Place also affects how happy we are in other, less palpable ways. It can be an island of stability in a sea of uncertainty and risk. Jobs end. Relationships break up. Choosing the right place can be a hedge against life’s downsides. I hate to dwell on the negative, but you need to think about this. It’s always terrible to lose a job, even worse to suffer a breakup with a significant other. As bad as those are, however, they are substantially worse if you also happen to live somewhere with few options in the job market or the mating market. It’s exponentially easier to get back on your feet when your location has a vibrant economy with lots of jobs to choose from, or a lot of eligible single people in your age range to date.
The point is, where we live is a central life factor that affects all the others—work, education, and love—follow. It can make or break existing work arrangements and personal relationships. It can open new doors. And regardless of what kind of life we envision for ourselves—whether we aspire to make millions, have a family, or live the way of a bachelor—choosing where to live is a decision we all must make at least once. A good number of us will make it multiple times. The average American moves once every seven years. More than 40 million people relocate each year; 15 million make significant moves of more than 50 or 100 miles.2
The stakes are high, and yet, when faced with the decision of where to call home, most of us are not prepared to make the right choice. If you ask most people how they got to the place they live now, they’ll say they just ended up there. They stayed close to family or friends, they got a job there, or more commonly, they followed an old flame. Some don’t even see that there’s a choice to be made at all.

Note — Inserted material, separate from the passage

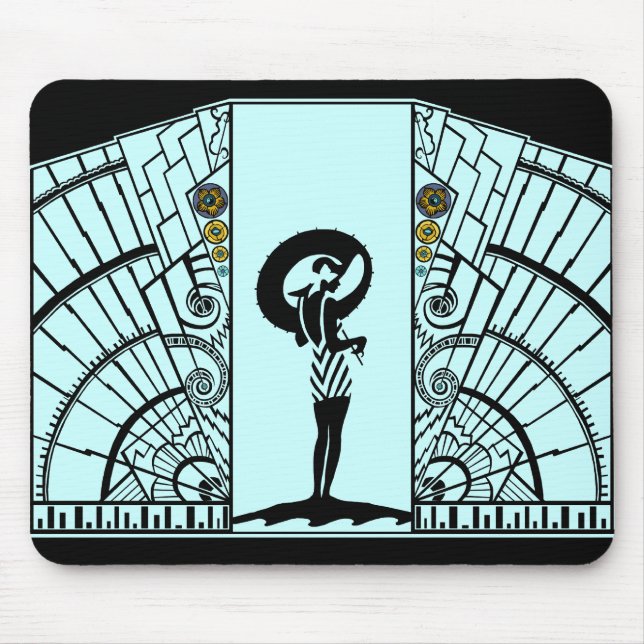 Mousepad Beira-mar Deco no Aqua e no amarelo (Frente)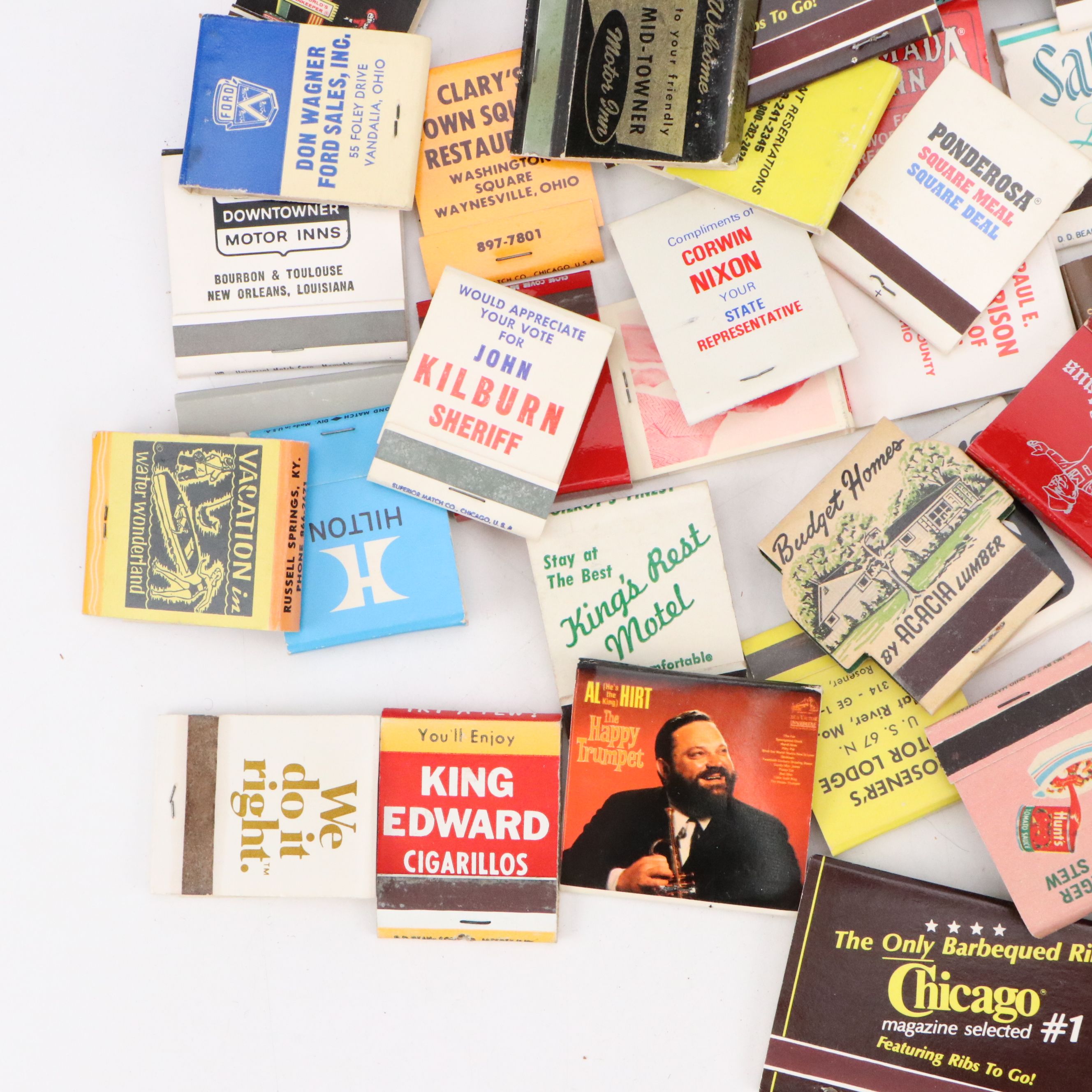 Mobilgas First Aid Kit Tin with Souvenir Matchbooks, Mid to Late 20th Century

Still, the miracle of our modern age is that we do have a choice. For the first time ever, a huge number of us have the freedom and economic means to choose our place. That means we have an incredible opportunity to find the place that fits us best. But this remarkable freedom forces us to decide among a large number of options. Today there are many types of communities out there, all with something different to offer.
The key is to find a place that fits you—one that makes you happy and enables you to achieve your life goals. For some people, career and wealth are big components of their happiness, but that is far from everybody. Many of us know people who left good jobs and prosperous careers in law or engineering to do something they truly love. Others move back to their hometown after college to help run the family business or to be closer to family and friends. These people usually know very well what they are giving up, and they make their choices knowingly. They prefer family and community to wealth. And many people are very happy where they are. These people may well know the real value of community better than others. What they value about place is the opportunity to live their lives in the towns and among the people already familiar to them.
The thing to remember is that when it comes to place, like most other important things in life, we can’t have it all. There are real tradeoffs to be made. Many, if not most, people who move for their careers will give up the joy of being near family and lifelong friends. Those of us who choose to stay close to family and friends may give up economic opportunity.
Before I go any further, I want you to think hard about the following questions.
- How do you like the place you’re living now? Is it somewhere you really want to be? Does it give you energy? When you walk out onto the street—or the country lane—in the morning, does it fill you with inspiration, or stress? Does it allow you to be the person you really want to be? Are you achieving your personal goals? Is it a place you would recommend to your relatives and friends?
- Have you thought about moving? If so, what are the top three places on your radar screen? What do you like about them? Specifically, what do you think they offer you? How would your life be different in these places?
- Have you ever sat down and compared where you’re living now to those places? Honestly, have you given this a fraction of the thought and energy you’ve given to your job and career prospects, or if you’re single, to your dating life?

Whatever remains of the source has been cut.